• _What to work on_
When the line containing "1GYS4CKJ7FR242299 Cadillac Escalade Premium" is found in the data below, copy it and each line after it through the line containing "Dry Carbon Spoiler", exactly and with no others.

Extracted data entries:
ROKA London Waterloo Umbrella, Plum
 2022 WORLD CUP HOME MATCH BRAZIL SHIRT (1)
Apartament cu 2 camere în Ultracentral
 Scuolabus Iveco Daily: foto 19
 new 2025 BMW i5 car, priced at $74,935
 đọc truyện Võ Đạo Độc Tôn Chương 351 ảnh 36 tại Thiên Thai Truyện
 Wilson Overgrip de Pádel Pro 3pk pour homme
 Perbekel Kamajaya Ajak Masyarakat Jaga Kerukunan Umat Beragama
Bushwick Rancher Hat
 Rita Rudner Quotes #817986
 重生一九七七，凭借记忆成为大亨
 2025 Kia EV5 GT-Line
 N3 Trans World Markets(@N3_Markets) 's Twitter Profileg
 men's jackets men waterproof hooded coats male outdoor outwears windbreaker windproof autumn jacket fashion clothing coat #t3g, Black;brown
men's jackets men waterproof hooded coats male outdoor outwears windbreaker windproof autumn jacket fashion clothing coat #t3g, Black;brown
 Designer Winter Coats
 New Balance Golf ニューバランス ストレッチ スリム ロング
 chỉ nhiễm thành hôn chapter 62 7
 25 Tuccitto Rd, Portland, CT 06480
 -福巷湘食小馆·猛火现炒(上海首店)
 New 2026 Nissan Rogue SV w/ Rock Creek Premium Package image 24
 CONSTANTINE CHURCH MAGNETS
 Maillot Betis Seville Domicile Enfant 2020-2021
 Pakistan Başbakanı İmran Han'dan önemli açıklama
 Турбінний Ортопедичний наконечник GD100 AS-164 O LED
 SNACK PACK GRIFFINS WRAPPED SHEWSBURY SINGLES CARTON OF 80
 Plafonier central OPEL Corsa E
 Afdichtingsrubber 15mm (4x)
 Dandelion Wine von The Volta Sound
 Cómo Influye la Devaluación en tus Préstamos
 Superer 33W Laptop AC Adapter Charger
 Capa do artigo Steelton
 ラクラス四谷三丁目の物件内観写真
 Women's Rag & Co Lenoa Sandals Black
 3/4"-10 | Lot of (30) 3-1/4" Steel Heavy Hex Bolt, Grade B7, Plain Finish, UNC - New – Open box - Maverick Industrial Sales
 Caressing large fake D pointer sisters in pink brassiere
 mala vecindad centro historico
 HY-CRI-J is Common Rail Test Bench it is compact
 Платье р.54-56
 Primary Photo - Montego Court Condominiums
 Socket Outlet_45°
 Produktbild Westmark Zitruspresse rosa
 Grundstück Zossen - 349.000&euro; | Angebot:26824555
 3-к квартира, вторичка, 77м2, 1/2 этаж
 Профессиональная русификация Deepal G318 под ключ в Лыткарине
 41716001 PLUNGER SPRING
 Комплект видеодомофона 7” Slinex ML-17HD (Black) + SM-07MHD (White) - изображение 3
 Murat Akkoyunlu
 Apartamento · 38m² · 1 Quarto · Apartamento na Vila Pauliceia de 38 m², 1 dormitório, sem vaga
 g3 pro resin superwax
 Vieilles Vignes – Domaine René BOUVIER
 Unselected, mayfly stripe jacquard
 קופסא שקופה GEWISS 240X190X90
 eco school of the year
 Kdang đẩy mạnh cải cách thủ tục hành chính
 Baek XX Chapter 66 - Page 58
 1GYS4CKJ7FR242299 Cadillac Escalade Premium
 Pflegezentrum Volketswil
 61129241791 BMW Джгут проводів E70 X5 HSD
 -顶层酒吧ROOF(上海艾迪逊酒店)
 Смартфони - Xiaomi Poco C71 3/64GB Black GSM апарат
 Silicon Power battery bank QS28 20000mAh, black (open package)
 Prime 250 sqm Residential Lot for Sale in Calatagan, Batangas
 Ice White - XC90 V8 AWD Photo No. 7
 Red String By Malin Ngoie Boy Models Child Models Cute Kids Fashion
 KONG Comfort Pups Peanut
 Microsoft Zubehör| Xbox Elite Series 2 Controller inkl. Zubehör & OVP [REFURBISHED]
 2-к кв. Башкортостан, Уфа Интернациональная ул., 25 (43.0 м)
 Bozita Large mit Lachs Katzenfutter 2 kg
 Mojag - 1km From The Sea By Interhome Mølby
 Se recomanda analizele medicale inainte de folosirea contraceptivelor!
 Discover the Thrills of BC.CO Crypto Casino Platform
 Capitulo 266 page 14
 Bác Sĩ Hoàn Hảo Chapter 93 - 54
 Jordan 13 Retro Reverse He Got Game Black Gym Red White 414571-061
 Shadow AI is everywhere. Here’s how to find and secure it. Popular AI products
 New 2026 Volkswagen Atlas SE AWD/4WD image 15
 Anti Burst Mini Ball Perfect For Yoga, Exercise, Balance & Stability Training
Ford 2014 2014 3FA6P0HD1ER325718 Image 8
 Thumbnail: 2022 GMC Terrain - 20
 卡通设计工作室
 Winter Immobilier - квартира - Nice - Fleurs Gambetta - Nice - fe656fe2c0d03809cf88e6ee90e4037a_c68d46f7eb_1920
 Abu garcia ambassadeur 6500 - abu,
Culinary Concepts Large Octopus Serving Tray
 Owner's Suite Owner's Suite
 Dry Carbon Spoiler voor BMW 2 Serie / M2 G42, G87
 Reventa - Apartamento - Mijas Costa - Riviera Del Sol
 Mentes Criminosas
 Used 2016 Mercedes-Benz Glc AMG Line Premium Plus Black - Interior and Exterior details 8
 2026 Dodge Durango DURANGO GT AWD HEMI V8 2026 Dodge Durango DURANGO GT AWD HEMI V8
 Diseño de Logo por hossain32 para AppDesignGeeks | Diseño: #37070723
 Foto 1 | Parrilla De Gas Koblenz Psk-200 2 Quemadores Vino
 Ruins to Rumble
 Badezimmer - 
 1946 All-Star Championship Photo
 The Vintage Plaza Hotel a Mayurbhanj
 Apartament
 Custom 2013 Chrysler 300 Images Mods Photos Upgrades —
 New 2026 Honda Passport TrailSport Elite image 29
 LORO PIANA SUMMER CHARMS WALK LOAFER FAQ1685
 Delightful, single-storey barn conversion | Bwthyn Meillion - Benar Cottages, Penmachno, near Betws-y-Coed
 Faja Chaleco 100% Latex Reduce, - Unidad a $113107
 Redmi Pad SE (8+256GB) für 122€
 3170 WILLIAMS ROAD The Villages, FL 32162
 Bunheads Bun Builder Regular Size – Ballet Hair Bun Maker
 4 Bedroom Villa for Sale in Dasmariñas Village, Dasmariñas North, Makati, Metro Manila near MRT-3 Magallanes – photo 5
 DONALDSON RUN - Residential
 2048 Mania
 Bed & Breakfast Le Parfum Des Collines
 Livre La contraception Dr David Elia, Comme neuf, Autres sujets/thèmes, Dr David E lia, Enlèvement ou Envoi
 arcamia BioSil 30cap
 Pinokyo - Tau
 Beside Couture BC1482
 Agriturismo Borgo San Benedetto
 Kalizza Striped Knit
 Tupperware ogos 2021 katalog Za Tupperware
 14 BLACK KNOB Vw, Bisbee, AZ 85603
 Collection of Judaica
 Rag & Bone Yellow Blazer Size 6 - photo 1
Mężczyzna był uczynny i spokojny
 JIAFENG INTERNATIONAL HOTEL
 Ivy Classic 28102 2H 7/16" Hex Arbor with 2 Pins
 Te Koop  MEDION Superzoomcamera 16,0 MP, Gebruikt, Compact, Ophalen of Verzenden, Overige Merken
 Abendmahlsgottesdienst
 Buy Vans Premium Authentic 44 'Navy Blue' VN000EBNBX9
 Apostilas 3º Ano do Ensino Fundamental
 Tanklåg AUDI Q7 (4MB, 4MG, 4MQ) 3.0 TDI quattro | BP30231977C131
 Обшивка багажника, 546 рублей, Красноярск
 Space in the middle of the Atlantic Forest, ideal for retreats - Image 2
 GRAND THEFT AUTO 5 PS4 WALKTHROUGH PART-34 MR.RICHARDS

• _Solution to the problem_
 1GYS4CKJ7FR242299 Cadillac Escalade Premium
 Pflegezentrum Volketswil
 61129241791 BMW Джгут проводів E70 X5 HSD
 -顶层酒吧ROOF(上海艾迪逊酒店)
 Смартфони - Xiaomi Poco C71 3/64GB Black GSM апарат
 Silicon Power battery bank QS28 20000mAh, black (open package)
 Prime 250 sqm Residential Lot for Sale in Calatagan, Batangas
 Ice White - XC90 V8 AWD Photo No. 7
 Red String By Malin Ngoie Boy Models Child Models Cute Kids Fashion
 KONG Comfort Pups Peanut
 Microsoft Zubehör| Xbox Elite Series 2 Controller inkl. Zubehör & OVP [REFURBISHED]
 2-к кв. Башкортостан, Уфа Интернациональная ул., 25 (43.0 м)
 Bozita Large mit Lachs Katzenfutter 2 kg
 Mojag - 1km From The Sea By Interhome Mølby
 Se recomanda analizele medicale inainte de folosirea contraceptivelor!
 Discover the Thrills of BC.CO Crypto Casino Platform
 Capitulo 266 page 14
 Bác Sĩ Hoàn Hảo Chapter 93 - 54
 Jordan 13 Retro Reverse He Got Game Black Gym Red White 414571-061
 Shadow AI is everywhere. Here’s how to find and secure it. Popular AI products
 New 2026 Volkswagen Atlas SE AWD/4WD image 15
 Anti Burst Mini Ball Perfect For Yoga, Exercise, Balance & Stability Training
Ford 2014 2014 3FA6P0HD1ER325718 Image 8
 Thumbnail: 2022 GMC Terrain - 20
 卡通设计工作室
 Winter Immobilier - квартира - Nice - Fleurs Gambetta - Nice - fe656fe2c0d03809cf88e6ee90e4037a_c68d46f7eb_1920
 Abu garcia ambassadeur 6500 - abu,
Culinary Concepts Large Octopus Serving Tray
 Owner's Suite Owner's Suite
 Dry Carbon Spoiler voor BMW 2 Serie / M2 G42, G87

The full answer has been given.